DATASET EXTRACT>
------------------------------------------------------------

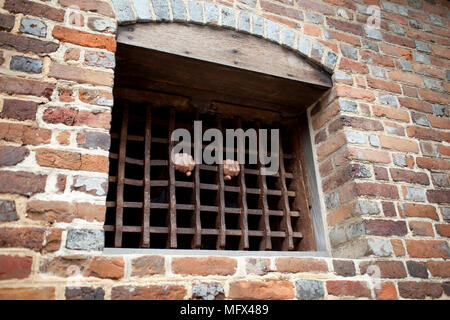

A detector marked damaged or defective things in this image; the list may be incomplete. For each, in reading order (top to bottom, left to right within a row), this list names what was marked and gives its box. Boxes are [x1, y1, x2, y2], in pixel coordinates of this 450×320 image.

rusty metal bar [113, 100, 129, 248]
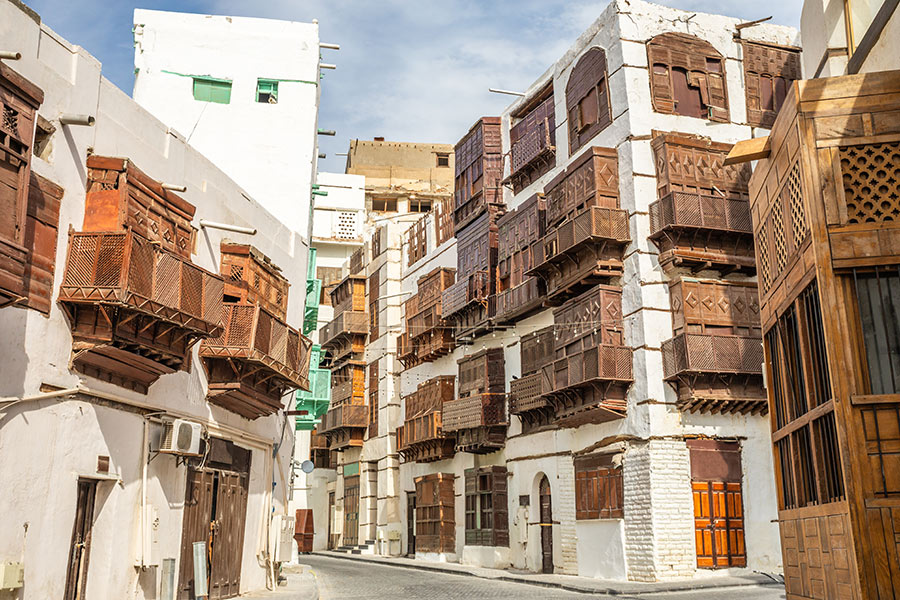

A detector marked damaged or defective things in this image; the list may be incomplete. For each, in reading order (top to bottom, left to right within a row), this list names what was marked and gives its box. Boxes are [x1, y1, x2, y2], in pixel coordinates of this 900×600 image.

rusted metal element [0, 62, 43, 308]
rusted metal element [84, 155, 195, 258]
rusted metal element [59, 230, 224, 394]
rusted metal element [218, 241, 288, 322]
rusted metal element [200, 302, 312, 420]
rusted metal element [320, 404, 370, 450]
rusted metal element [400, 376, 458, 464]
rusted metal element [442, 211, 500, 340]
rusted metal element [454, 116, 502, 233]
rusted metal element [496, 195, 544, 324]
rusted metal element [506, 86, 556, 192]
rusted metal element [536, 146, 624, 304]
rusted metal element [540, 284, 632, 426]
rusted metal element [568, 47, 612, 154]
rusted metal element [648, 33, 732, 122]
rusted metal element [652, 134, 756, 274]
rusted metal element [660, 278, 768, 414]
rusted metal element [740, 40, 800, 129]
rusted metal element [748, 71, 900, 600]
rusted metal element [416, 474, 458, 552]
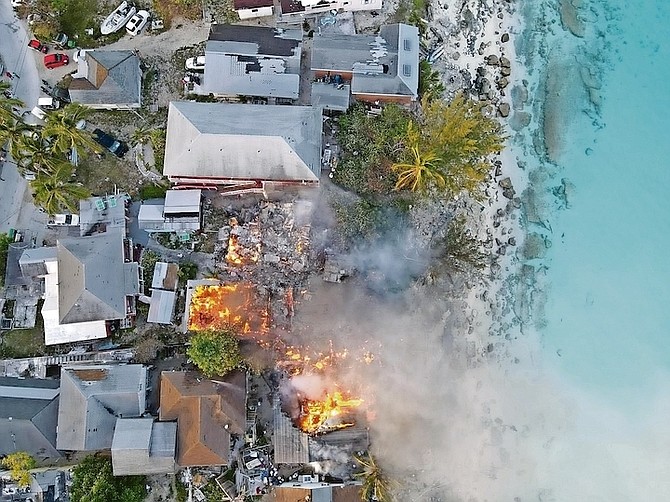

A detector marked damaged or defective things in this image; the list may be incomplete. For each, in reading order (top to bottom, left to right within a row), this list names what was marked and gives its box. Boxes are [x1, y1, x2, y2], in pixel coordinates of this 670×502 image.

burned roof [207, 24, 302, 57]
burned roof [159, 372, 247, 466]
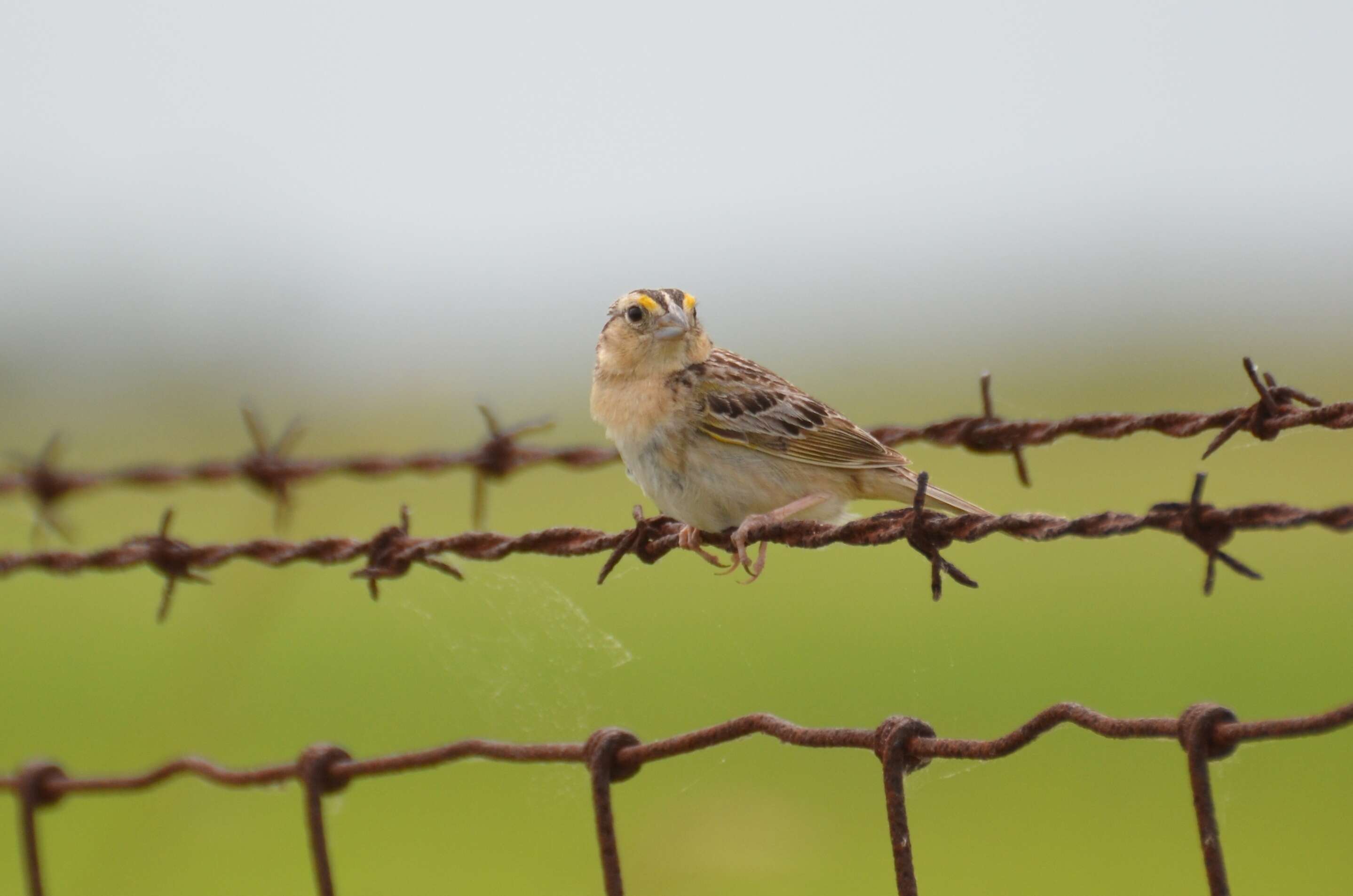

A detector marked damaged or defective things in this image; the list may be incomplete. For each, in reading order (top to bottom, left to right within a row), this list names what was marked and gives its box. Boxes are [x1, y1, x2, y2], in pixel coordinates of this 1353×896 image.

rusty metal wire [2, 357, 1342, 530]
rusty barbed wire [0, 357, 1347, 527]
rusty barbed wire [0, 476, 1347, 617]
rusty metal wire [0, 476, 1347, 617]
rusty barbed wire [5, 704, 1347, 896]
rusty metal wire [5, 704, 1347, 896]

------------------------------------------------------------

WHAT NEEDS TO BE DONE>
Print nothing except the lines from the one with "this 670×502 image." through the last line of the listing, exactly as written and with pictures removed.

EXPECTED OUTPUT>
A detector marked damaged or defective things in this image; the list may be incomplete. For each, in reading order (top to bottom, left to right within a row), this list names what was marked and gives its box. Boxes are [x1, y1, x2, y2], in pixel coordinates of this 670×502 image.

burned roof [207, 24, 302, 57]
burned roof [159, 372, 247, 466]

A detector marked damaged or defective things in this image; the list may be incomplete. For each, in reading order (top to bottom, left to right within a row), this list names what was marked and gives its box. Boxes are [x1, y1, x2, y2], in pixel coordinates of this 1353×896 image.

rusty metal wire [2, 357, 1342, 530]
rusty barbed wire [0, 357, 1347, 527]
rusty barbed wire [0, 476, 1347, 617]
rusty metal wire [0, 476, 1347, 617]
rusty barbed wire [5, 704, 1347, 896]
rusty metal wire [5, 704, 1347, 896]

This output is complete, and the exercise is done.